No trees in the stdlib?

Tim Wintle tim.wintle at teamrubber.com
Mon Jun 29 08:01:19 EDT 2009


On Sat, 2009-06-27 at 06:03 +0100, João Valverde wrote:
> To answer the question of what I need the BSTs for, without getting
> into too many boring details it is to merge and sort IP blocklists,
> that is, large datasets of ranges in the form of (IP address, IP
> address, string).

<snip>

> As an anecdotal data point (honestly not trying to raise the "Python
> is slow" strawman), I implemented the same algorithm in C and Python,
> using pyavl. Round numbers were 4 mins vs 4 seconds, against Python
> (plus pyavl).

Out of interest, I recently wrote something similar that imported (a
class of) snort rules for blacklisting ip traffic. I could only use the
standard library.

I ended up writing a simple tree using dict-like objects [1]. Afraid I
haven't got a taught CS background to know the name of the structure.

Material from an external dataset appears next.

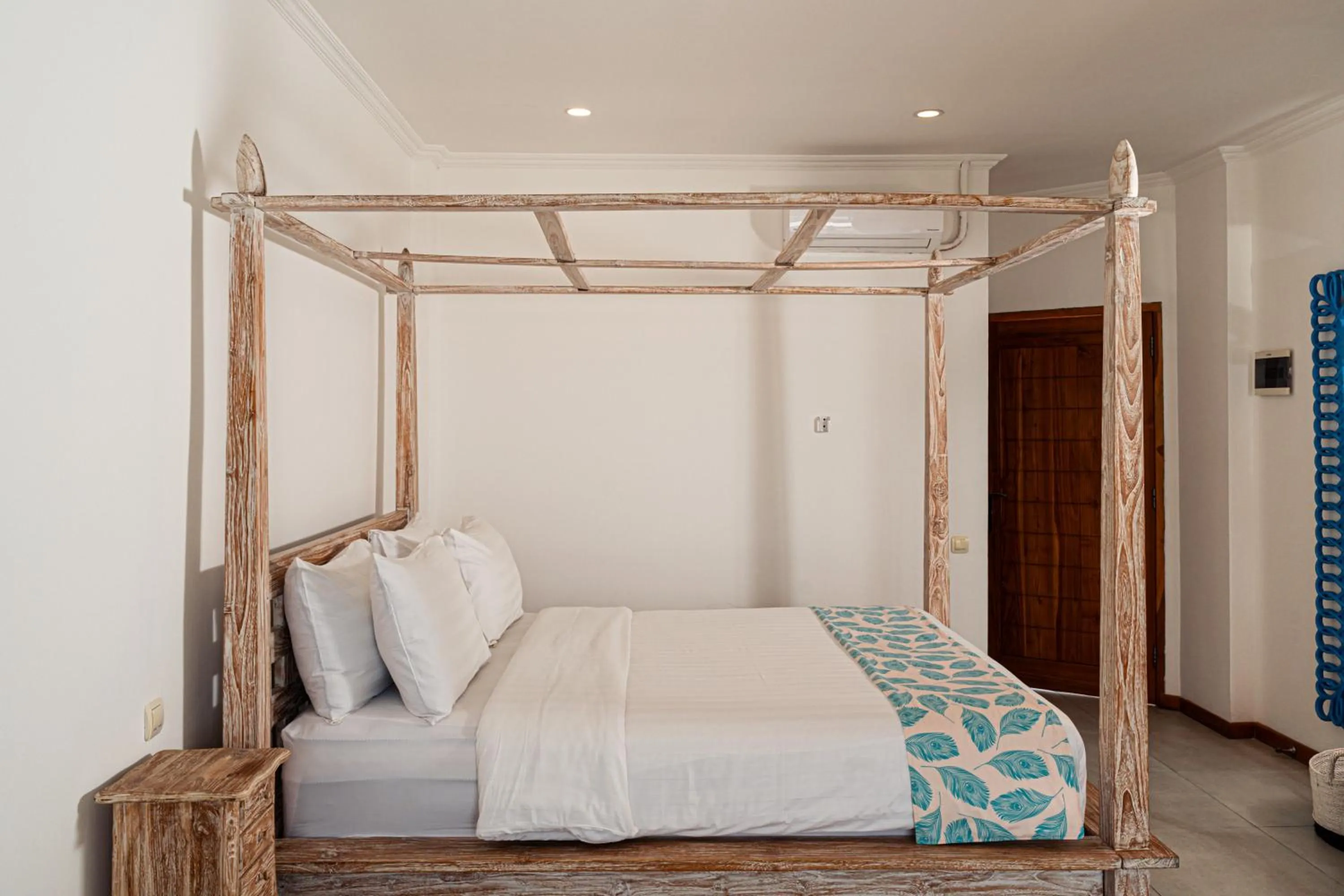 Bedroom, Bed in Komodo Suites Downtown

(note insertion wasn't the focus, and I didn't bother writing it to
handle updates/merges - this is a quick script I run every now and then,
so I'm sure it could be done better - I just liked having the standard
dict interface for each node)

I only had three levels of branching, using the first octet to branch at
the root node, the second octet to branch as the second node, and the
final two to branch at the third node's depth (since even then that's
normally sparse relative to the first two nodes).

It works well enough for me - I'm IO bound reading in ip addresses from
logs to check against the blacklist, and there is a fair bit of other
processing going on for each line.

(Obviously I converted the ip addresses to integers before doing all
this to avoid hashing strings etc)


[1]
(As rules could be for any subnet I overloaded some of the dict methods
to check against rules on unusual subnets etc. before checking
individual ips in the final part)


>  Even considering I'm a worse Python programmer than C 
> programmer, it's a lot. I know many will probably think I tried to do
> "C in Python" but that's not the case, at least I don' t think so.
> Anyway like I said, not really relevant to this discussion.